Opponents of slaughter say all of the above is horrific, that there is already a very satisfactory food chain in place and that sending horses plucked from the wild or discarded after a lifetime of services to such an end is immoral, inhumane and unjust.

“The pro-slaughter people will say, ‘Oh, this is all about unwanted horses,’” says Holland, “But it’s not. It’s all about the market for horsemeat for human consumption. In 2008 we exported 134,000 horses for slaughter to the U.S. and Canada. That was the second highest number of horses slaughtered in American history. You had to go back to 1995 to find a higher number. If we’re killing horses at pretty much the same rate or higher than we have been, and the population growth is relatively the same, where are all these ‘unwanted horses’ coming from?” Holland suggests the very term, “unwanted horses,” is nothing short of a branding slogan purveyed by pro-slaughter interests.

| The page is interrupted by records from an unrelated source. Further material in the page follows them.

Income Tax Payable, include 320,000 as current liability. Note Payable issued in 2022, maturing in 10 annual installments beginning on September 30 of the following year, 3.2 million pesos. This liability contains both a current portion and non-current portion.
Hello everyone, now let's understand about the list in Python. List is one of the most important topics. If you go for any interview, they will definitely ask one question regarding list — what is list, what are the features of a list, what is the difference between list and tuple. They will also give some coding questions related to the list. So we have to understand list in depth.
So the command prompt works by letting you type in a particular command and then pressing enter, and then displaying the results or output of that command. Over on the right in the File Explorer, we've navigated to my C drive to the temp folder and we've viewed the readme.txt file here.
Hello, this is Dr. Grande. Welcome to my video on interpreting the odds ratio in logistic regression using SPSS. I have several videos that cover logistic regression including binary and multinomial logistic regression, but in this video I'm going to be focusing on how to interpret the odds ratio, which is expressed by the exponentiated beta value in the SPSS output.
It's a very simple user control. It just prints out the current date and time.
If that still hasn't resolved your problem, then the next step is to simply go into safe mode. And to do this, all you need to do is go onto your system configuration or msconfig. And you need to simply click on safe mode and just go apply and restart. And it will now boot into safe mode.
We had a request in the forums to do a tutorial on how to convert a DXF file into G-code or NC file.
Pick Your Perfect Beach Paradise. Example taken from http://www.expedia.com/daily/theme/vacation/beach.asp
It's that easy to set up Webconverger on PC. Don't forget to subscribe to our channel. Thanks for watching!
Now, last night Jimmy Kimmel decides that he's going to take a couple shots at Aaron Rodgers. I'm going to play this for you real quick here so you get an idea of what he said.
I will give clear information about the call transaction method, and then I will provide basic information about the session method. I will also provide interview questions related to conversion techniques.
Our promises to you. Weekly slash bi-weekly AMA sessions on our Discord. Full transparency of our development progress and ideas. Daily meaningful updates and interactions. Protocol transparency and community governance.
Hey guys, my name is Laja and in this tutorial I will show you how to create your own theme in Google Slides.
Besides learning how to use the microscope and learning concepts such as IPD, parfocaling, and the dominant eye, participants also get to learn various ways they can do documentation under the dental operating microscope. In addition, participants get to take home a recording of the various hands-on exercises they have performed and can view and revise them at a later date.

Are horses just another form of “meat on hooves,” like cattle? A commodity to be exploited like any other food source? Or are they majestic creatures, symbolic of freedom and the unbridled spirit? As a species, they certainly have to their credit a history of working productively with man, helping to build civilization as we know it.

“Horses are like cosmic mirrors,” sums up Holland. “Look at them with callousness and you see a brute, but look at them with love and you see a unicorn.”